Scraped caption text data
--
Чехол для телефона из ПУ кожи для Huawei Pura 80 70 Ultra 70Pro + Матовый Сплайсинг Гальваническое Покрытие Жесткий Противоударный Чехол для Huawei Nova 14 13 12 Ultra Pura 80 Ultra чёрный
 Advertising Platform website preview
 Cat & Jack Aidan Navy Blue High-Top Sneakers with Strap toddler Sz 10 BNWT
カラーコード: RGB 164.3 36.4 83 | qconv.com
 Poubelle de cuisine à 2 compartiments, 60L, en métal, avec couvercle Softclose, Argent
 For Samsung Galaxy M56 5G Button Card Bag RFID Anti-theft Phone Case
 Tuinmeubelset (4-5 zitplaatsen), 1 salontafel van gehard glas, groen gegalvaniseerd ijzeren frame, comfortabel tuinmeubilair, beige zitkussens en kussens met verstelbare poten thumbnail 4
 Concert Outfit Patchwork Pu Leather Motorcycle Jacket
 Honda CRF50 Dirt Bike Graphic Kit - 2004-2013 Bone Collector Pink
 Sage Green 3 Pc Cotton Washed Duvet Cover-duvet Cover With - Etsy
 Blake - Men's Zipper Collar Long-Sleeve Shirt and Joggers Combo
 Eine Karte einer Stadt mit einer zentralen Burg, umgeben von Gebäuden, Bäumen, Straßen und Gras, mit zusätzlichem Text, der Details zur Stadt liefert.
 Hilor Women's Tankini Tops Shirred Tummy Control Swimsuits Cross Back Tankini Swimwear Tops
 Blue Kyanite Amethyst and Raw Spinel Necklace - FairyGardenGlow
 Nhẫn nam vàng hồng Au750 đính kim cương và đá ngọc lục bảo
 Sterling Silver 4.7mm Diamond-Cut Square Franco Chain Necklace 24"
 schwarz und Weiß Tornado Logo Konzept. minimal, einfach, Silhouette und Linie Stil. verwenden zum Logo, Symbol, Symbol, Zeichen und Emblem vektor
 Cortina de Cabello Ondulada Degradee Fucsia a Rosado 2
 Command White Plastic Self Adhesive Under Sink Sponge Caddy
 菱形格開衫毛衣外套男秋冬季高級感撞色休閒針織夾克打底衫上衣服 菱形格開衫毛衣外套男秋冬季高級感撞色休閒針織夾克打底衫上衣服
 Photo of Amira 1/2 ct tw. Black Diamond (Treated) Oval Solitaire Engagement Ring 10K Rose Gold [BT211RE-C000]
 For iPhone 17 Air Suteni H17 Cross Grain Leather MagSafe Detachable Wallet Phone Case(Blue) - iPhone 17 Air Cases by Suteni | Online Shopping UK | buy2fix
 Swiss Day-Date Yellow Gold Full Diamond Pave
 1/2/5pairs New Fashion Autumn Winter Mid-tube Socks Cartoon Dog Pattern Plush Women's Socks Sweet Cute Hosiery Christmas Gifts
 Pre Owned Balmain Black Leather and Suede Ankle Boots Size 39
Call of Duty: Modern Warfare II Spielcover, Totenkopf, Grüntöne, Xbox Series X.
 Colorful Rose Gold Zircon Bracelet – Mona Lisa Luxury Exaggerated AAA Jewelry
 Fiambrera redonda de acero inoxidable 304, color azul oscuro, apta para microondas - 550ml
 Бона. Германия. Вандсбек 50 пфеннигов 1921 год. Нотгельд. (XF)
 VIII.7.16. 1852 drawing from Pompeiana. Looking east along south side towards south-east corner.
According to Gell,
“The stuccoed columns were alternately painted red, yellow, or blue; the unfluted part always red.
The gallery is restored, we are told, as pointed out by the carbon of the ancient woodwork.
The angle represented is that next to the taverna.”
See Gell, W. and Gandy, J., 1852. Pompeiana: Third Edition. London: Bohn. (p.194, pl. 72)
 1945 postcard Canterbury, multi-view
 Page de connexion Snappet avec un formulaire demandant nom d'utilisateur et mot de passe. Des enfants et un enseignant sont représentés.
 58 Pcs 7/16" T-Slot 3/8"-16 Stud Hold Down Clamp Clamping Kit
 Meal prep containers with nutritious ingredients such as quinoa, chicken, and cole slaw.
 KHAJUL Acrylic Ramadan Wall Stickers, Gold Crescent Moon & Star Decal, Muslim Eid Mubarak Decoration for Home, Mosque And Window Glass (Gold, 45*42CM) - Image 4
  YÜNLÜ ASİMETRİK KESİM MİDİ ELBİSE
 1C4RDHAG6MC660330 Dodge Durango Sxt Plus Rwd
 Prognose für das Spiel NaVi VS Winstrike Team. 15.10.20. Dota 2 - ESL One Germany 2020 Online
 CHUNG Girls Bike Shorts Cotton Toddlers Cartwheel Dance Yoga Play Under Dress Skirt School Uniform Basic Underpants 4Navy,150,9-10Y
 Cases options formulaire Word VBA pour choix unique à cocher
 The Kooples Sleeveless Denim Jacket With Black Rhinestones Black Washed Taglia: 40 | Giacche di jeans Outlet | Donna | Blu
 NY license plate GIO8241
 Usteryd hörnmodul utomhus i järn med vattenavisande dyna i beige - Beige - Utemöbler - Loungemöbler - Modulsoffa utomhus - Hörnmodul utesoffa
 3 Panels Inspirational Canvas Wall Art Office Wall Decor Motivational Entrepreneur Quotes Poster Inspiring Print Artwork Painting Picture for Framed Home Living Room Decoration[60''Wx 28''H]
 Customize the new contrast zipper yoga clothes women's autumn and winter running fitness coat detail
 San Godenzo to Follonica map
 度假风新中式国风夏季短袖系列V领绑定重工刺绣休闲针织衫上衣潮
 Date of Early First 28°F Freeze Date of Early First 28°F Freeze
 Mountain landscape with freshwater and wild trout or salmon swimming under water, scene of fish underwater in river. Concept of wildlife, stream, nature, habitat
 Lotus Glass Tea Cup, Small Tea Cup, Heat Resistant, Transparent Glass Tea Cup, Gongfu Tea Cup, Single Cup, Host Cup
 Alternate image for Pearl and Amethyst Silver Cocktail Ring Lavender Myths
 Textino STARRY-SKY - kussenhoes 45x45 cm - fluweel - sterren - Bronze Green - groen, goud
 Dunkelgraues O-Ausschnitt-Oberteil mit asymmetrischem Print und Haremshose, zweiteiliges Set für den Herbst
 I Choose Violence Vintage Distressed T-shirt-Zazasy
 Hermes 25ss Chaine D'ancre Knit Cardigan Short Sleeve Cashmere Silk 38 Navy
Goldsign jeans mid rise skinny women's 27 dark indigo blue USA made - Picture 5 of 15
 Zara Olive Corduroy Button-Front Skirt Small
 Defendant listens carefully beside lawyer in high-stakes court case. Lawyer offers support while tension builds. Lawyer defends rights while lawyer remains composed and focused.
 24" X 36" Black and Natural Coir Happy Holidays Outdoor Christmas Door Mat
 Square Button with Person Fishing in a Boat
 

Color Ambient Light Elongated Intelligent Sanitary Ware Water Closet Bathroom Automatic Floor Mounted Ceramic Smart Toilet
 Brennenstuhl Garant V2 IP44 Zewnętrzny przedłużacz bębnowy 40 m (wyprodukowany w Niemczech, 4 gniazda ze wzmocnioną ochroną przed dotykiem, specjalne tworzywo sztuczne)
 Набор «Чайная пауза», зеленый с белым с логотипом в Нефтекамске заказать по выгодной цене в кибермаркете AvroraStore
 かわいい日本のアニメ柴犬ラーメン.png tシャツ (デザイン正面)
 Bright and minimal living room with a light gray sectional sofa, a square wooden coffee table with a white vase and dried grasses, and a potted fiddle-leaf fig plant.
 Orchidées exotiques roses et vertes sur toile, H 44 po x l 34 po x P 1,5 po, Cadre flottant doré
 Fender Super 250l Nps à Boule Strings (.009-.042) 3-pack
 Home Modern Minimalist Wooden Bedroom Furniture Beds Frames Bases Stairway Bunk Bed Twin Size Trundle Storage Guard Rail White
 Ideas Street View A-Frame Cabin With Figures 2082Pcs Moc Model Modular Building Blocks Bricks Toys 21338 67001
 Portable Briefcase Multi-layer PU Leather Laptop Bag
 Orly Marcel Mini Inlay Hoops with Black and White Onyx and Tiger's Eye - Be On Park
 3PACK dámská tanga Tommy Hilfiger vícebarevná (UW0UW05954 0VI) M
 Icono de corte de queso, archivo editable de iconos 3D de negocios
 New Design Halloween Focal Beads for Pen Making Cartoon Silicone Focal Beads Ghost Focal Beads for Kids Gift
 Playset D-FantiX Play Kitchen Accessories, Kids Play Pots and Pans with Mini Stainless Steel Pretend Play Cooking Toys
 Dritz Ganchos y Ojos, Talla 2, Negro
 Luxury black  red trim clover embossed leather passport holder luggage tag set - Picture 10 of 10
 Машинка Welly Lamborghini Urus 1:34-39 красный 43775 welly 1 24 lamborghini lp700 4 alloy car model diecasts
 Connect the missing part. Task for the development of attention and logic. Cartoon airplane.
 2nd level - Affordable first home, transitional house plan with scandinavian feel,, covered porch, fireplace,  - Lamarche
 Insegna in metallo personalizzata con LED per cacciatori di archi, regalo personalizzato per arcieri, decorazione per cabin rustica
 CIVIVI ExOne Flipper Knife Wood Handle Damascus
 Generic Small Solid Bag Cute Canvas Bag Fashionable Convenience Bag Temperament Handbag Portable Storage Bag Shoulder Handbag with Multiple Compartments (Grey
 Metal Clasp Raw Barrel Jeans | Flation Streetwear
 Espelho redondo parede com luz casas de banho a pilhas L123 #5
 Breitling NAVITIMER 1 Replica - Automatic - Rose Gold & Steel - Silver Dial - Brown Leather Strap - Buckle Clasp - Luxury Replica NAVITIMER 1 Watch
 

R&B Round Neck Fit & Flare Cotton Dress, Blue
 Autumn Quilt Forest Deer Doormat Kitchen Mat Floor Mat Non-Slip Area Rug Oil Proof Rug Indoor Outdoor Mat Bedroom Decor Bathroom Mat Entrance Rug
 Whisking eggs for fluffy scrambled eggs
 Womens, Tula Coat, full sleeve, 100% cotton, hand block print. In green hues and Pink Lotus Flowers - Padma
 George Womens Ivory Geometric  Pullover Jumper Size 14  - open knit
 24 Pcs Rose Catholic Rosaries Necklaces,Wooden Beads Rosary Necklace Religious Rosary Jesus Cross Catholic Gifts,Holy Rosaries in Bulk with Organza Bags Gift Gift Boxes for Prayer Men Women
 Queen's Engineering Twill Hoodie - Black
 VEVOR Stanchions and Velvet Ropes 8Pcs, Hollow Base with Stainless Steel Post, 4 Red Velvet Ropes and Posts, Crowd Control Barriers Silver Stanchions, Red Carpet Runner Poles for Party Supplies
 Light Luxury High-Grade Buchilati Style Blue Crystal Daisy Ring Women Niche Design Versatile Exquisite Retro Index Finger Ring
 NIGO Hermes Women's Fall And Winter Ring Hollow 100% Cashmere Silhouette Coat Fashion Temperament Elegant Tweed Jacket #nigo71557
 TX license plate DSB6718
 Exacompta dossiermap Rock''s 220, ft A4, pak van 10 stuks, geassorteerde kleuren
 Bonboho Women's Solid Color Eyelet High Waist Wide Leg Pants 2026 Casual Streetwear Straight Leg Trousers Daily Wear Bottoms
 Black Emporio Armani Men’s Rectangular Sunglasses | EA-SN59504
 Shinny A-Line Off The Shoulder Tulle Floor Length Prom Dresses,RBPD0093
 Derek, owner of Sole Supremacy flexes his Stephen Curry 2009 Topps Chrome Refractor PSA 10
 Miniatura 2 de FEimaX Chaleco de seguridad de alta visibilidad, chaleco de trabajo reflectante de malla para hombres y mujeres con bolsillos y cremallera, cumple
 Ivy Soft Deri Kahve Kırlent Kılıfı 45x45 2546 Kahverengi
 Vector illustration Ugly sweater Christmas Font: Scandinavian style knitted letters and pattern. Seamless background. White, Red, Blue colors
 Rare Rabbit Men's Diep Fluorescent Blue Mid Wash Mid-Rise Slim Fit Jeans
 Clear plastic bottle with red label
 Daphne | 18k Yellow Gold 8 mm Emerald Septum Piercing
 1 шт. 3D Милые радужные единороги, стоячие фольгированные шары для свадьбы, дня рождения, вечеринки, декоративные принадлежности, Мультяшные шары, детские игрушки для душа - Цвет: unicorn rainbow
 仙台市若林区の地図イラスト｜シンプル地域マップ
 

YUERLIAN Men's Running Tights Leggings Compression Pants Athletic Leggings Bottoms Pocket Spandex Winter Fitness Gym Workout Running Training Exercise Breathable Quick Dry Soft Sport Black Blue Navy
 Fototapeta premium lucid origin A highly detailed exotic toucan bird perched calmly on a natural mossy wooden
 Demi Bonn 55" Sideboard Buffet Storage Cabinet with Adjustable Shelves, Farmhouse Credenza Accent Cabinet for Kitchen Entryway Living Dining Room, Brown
--
PROBLEM:
Copy out, exactly and alone, the lines of the entries above between the ones holding "Concert Outfit Patchwork" and "Call of Duty: Modern", inclusive.

YOUR SOLUTION:
 Concert Outfit Patchwork Pu Leather Motorcycle Jacket
 Honda CRF50 Dirt Bike Graphic Kit - 2004-2013 Bone Collector Pink
 Sage Green 3 Pc Cotton Washed Duvet Cover-duvet Cover With - Etsy
 Blake - Men's Zipper Collar Long-Sleeve Shirt and Joggers Combo
 Eine Karte einer Stadt mit einer zentralen Burg, umgeben von Gebäuden, Bäumen, Straßen und Gras, mit zusätzlichem Text, der Details zur Stadt liefert.
 Hilor Women's Tankini Tops Shirred Tummy Control Swimsuits Cross Back Tankini Swimwear Tops
 Blue Kyanite Amethyst and Raw Spinel Necklace - FairyGardenGlow
 Nhẫn nam vàng hồng Au750 đính kim cương và đá ngọc lục bảo
 Sterling Silver 4.7mm Diamond-Cut Square Franco Chain Necklace 24"
 schwarz und Weiß Tornado Logo Konzept. minimal, einfach, Silhouette und Linie Stil. verwenden zum Logo, Symbol, Symbol, Zeichen und Emblem vektor
 Cortina de Cabello Ondulada Degradee Fucsia a Rosado 2
 Command White Plastic Self Adhesive Under Sink Sponge Caddy
 菱形格開衫毛衣外套男秋冬季高級感撞色休閒針織夾克打底衫上衣服 菱形格開衫毛衣外套男秋冬季高級感撞色休閒針織夾克打底衫上衣服
 Photo of Amira 1/2 ct tw. Black Diamond (Treated) Oval Solitaire Engagement Ring 10K Rose Gold [BT211RE-C000]
 For iPhone 17 Air Suteni H17 Cross Grain Leather MagSafe Detachable Wallet Phone Case(Blue) - iPhone 17 Air Cases by Suteni | Online Shopping UK | buy2fix
 Swiss Day-Date Yellow Gold Full Diamond Pave
 1/2/5pairs New Fashion Autumn Winter Mid-tube Socks Cartoon Dog Pattern Plush Women's Socks Sweet Cute Hosiery Christmas Gifts
 Pre Owned Balmain Black Leather and Suede Ankle Boots Size 39
Call of Duty: Modern Warfare II Spielcover, Totenkopf, Grüntöne, Xbox Series X.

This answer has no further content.